Le développement de ce secteur laisse donc entrevoir des perspectives intéressantes pour la colonie. Dans un but d'exploitation raisonnée, Malouet couple l'exploitation du bois avec la mise en place d'une pépinière.

La création d'une pépinière

Très rapidement, l'ordonnateur engage des recherches et des travaux dans le but de mettre en place une pépinière. Il s'agit de rassembler en un même endroit les espèces de bois exploitables, répondant à la fois au problème de dispersement des différentes essences dans la forêt, à la difficulté de les exploiter, et favoriser le reboisement des zones défrichées laissées à l'abandon. Malouet informe le ministre le 1er février 1777 qu'il a fait délimiter et défricher un terrain sur 300 arpents autour de Cayenne, où il fait venir des plants et des graines994. Toutefois, comme le fait remarquer Julien Touchet, ce projet trouve ses origines chez le baron de Bessner qui, en 1775, propose la création d'une pépinière en Guyane. Il faut d'abord inventorier les différentes espèces utiles, tâche pour laquelle le baron propose son frère, et ensuite les multiplier dans une pépinière. Son entretien ne sera pas dispendieux : Bessner estime qu'un petit nombre d'esclaves, sous la supervision d'un jardinier et d'un élève fera l'affaire. Le gouverneur Fiedmond s'oppose en partie à l'emploie du chevalier de Bessner car il estime que ses compétences en botanique sont trop succinctes. En revanche il donne son aval pour qu'il dirige la pépinière et s'occupe du dessin des plantes995.
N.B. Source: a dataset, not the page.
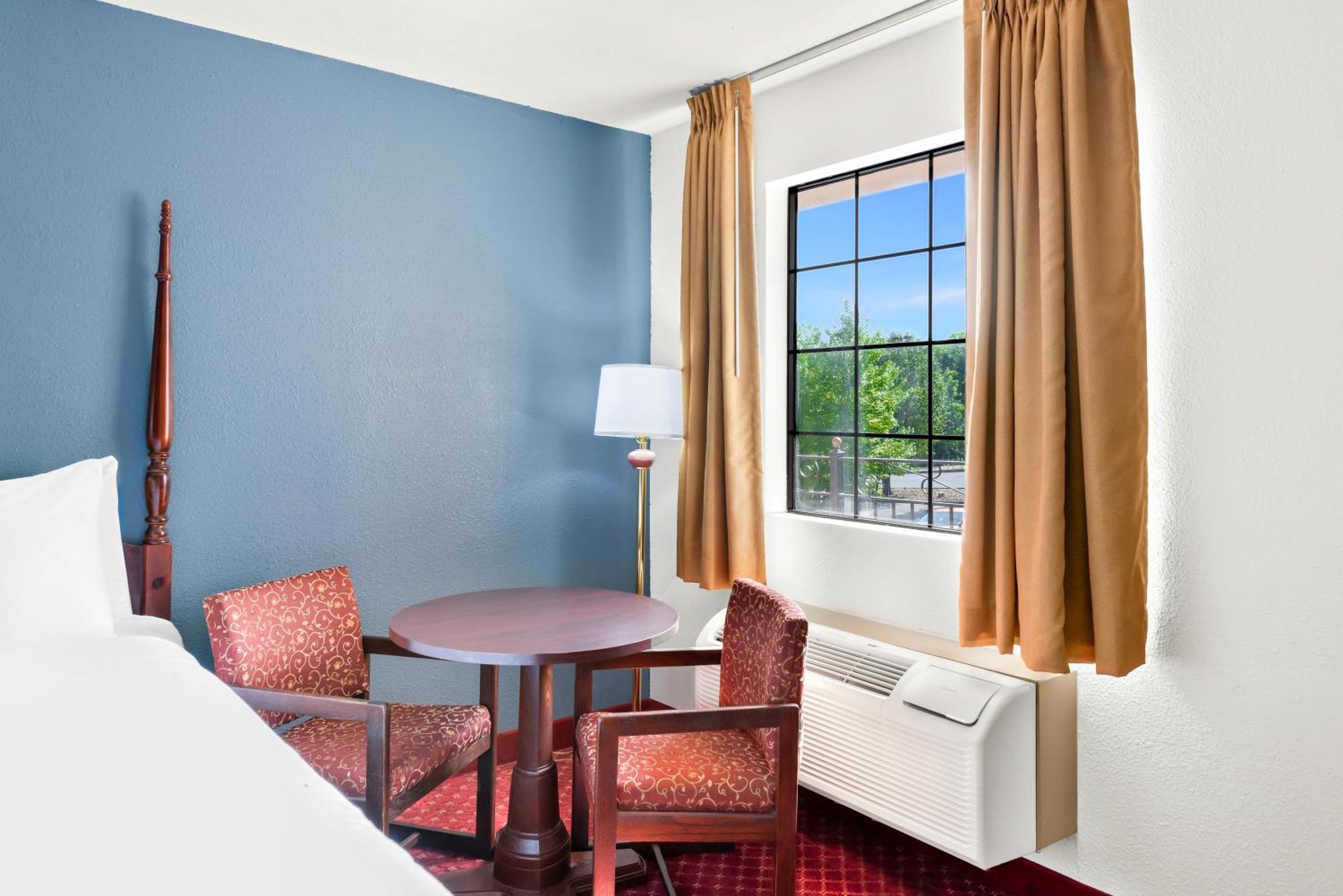 Queen Room Two Queen Beds Disability Access or Non-Smoking,1756522101:JPEG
De fait, la réalisation d'un tel projet nécessite un personnel compétent. Le ministre Sartine écrit donc à Malouet le 21 août 1776 qu'il engage le jardinier Millet, et que ce dernier embarquera

991 ANOM C14/45 F° 395

992 ANOM C14/45 F° 396

993 ANOM C14/44 F° 168

994 Pierre Victor MALOUET, Collection de mémoires, tome 1, op. cit., p. 328.

995 Julien TOUCHET, Botanique et colonisation en Guyane (1720-1848), op. cit., p. 145-148.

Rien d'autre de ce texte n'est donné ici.